* EXERCISE PROMPT *
What's wanted here is the full listing below, repeated exactly, with no images in it.

* SUPPLIED MATERIAL *
────────
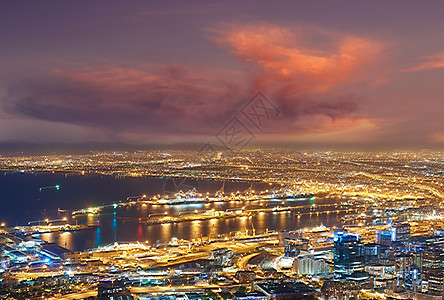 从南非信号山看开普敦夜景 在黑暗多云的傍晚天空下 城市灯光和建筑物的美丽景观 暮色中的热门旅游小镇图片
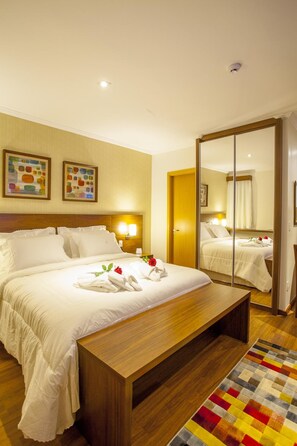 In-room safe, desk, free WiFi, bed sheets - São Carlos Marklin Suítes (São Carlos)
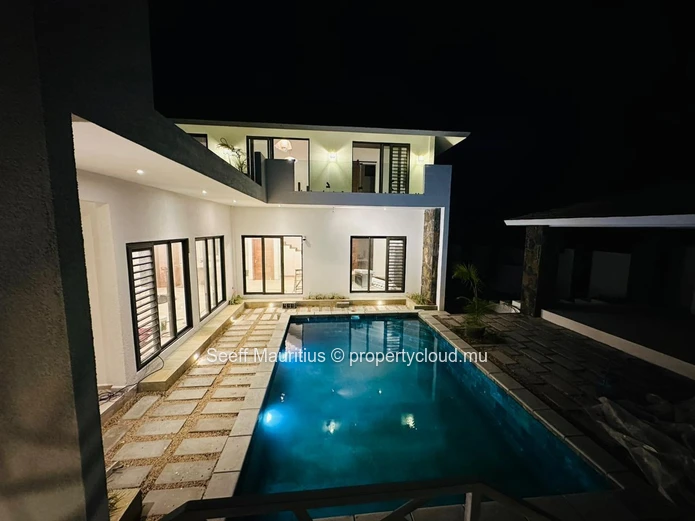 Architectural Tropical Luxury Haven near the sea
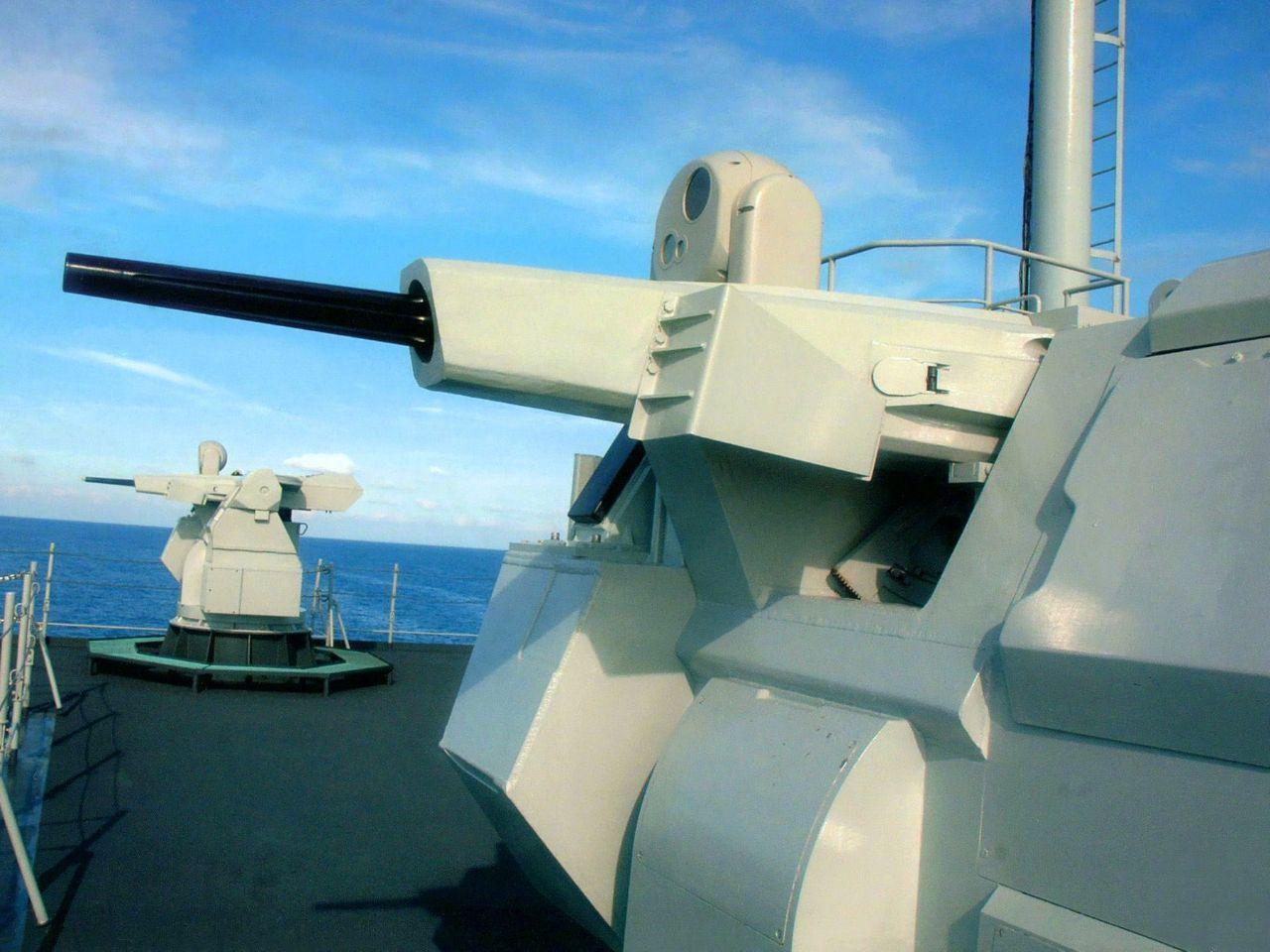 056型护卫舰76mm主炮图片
────────
* OUTPUT *
 从南非信号山看开普敦夜景 在黑暗多云的傍晚天空下 城市灯光和建筑物的美丽景观 暮色中的热门旅游小镇图片
 In-room safe, desk, free WiFi, bed sheets - São Carlos Marklin Suítes (São Carlos)
 Architectural Tropical Luxury Haven near the sea
 056型护卫舰76mm主炮图片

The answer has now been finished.